The Amazônia Vox platform is among fifteen projects selected in Brazil for the 2023 edition of the Dart Center for Journalism and Trauma’s early childhood reporting fellowship. The program is a resource center and global network of journalists, journalism educators, and health professionals dedicated to improving media coverage of trauma, conflict, and tragedy. It is a project of the Columbia University Graduate School of Journalism in New York City, with international offices in London and Melbourne.
The program will run from May to November 2023 and will be led by journalist Fábio Takahashi in collaboration with Mariana Kotscho, Daniela Tófoli and Paula Perim. The selected scholarship recipients will receive financial support, as well as guidance and participation in webinars with national and international journalists in various areas of activity, focusing on children.

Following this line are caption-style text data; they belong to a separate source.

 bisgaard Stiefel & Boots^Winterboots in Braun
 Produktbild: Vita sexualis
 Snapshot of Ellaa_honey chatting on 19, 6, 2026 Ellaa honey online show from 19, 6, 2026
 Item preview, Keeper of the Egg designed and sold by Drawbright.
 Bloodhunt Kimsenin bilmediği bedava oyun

The selection criteria for the scholarship were based on projects that addressed early childhood in Brazil. The program seeks to explore issues related to access to health care, sanitation, pesticide use, violence and child abandonment.
The project - With the proposal to produce a series of articles on the numbers and reports of the challenges of prenatal coverage for mothers in Amazon communities, Amâzonia Vox, through its creator Daniel Nardin, was selected for the grant. The project will focus on riverside communities, presenting the rates and consequences of when prenatal care is not provided. Through solutions journalism, the series will detail the initiatives and responses to the issue, seeking to inspire similar initiatives on a large scale.

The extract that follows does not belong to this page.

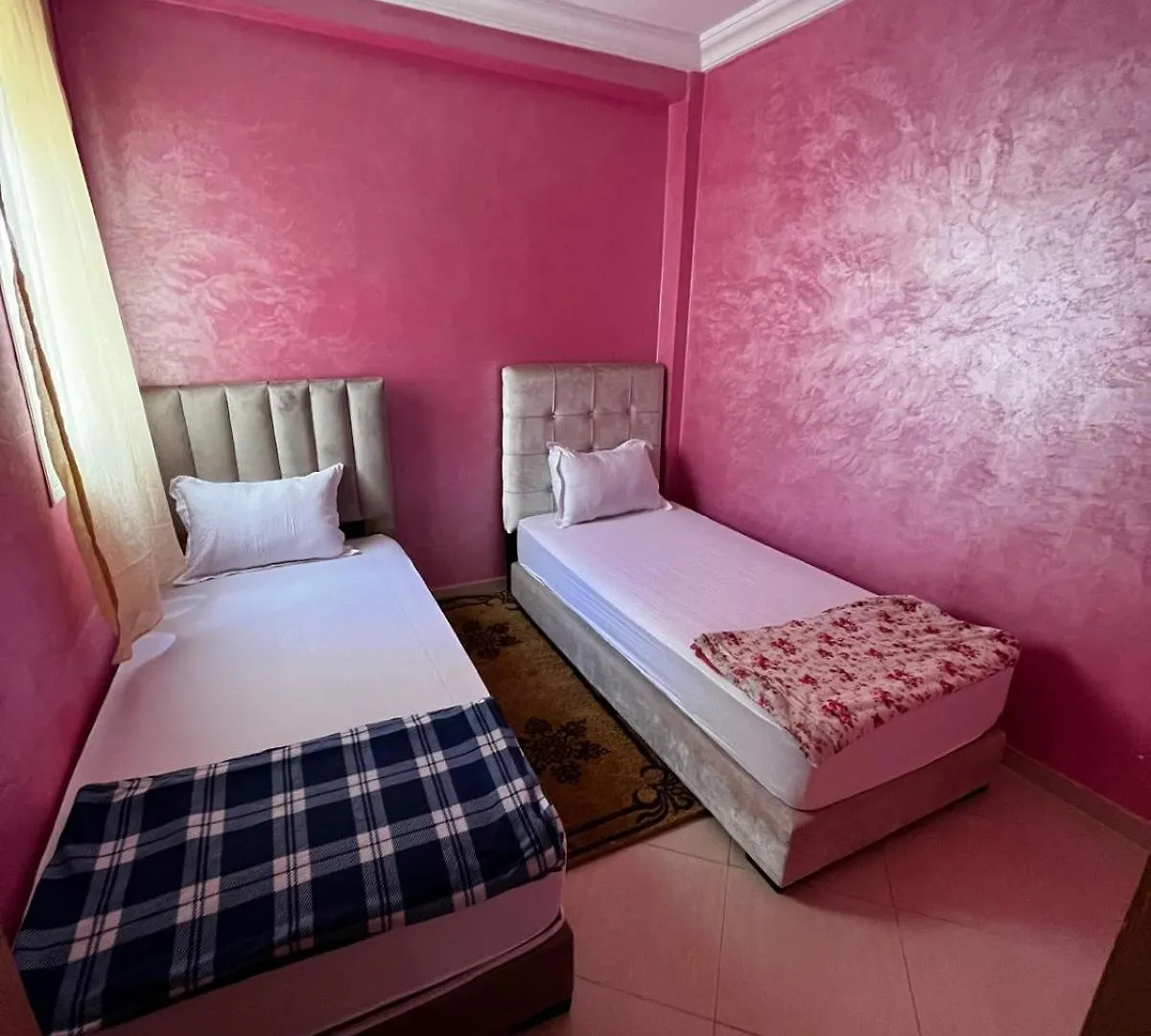 Daire Appartement Entier Agadir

In addition to Amazônia Vox, the program included among its scholarship recipients journalists from outlets such as CNN Brasil, G1, Folha de São Paulo, UOL, Revista Piauí, BBC Brasil, Rede Globo and Valor Econômico.

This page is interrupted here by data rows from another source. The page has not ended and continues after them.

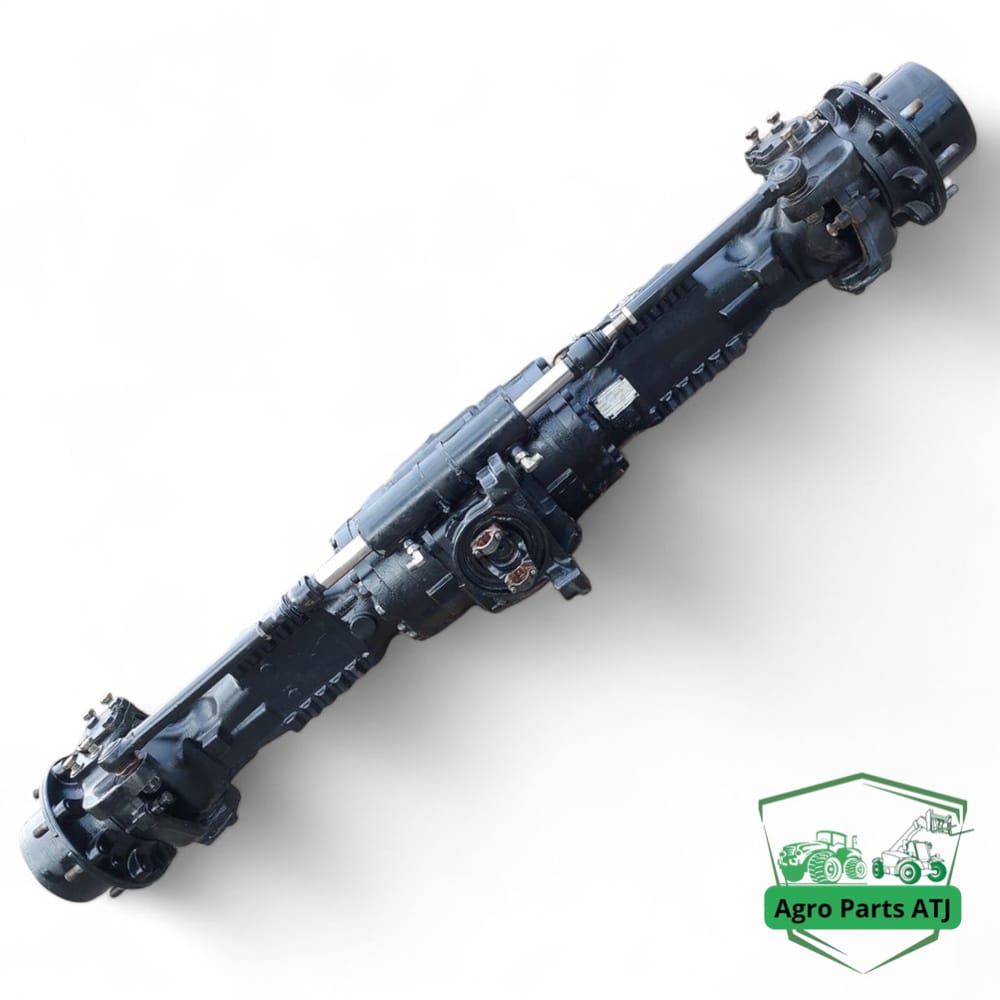 Oś napędowa 635602 Carraro 3148933 CAT TH 407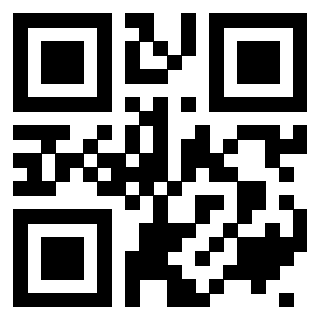 QrCode di 3406312118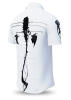 BEOWULF Sommerhemd - 100 % Baumwolle - GERMENS artfashion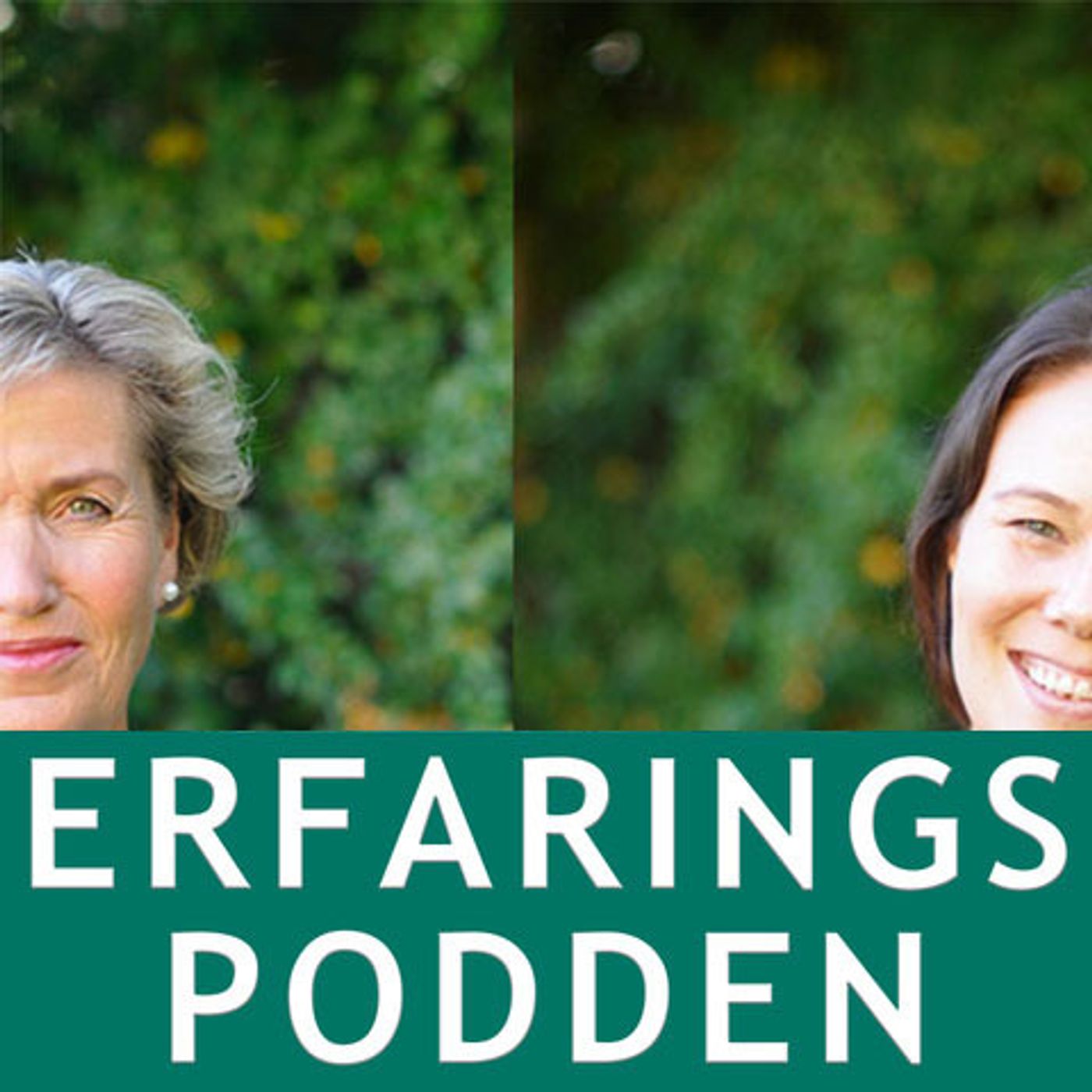 Erfaringspodden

The selection for the Dart Center program is the third in just a few months of development of the platform, which went live in May, in the testing phase. Amazônia Vox was also selected for the Jogo Limpo 2.0 program, from the International Center for Journalists (ICFJ) and YouTube Brazil, and the Sustainability Lab, from Google Brazil.
The Dart Center scholarship is part of the Early Childhood Journalism Initiative, a multi-year training program of the center to improve coverage of early childhood development worldwide. The fellowship was made possible by grants from Bernard van Leer Foundation (Netherlands), Foundation Maria Cecilia Souto Vidigal (Brazil) and The Fund Two Lilies (United States).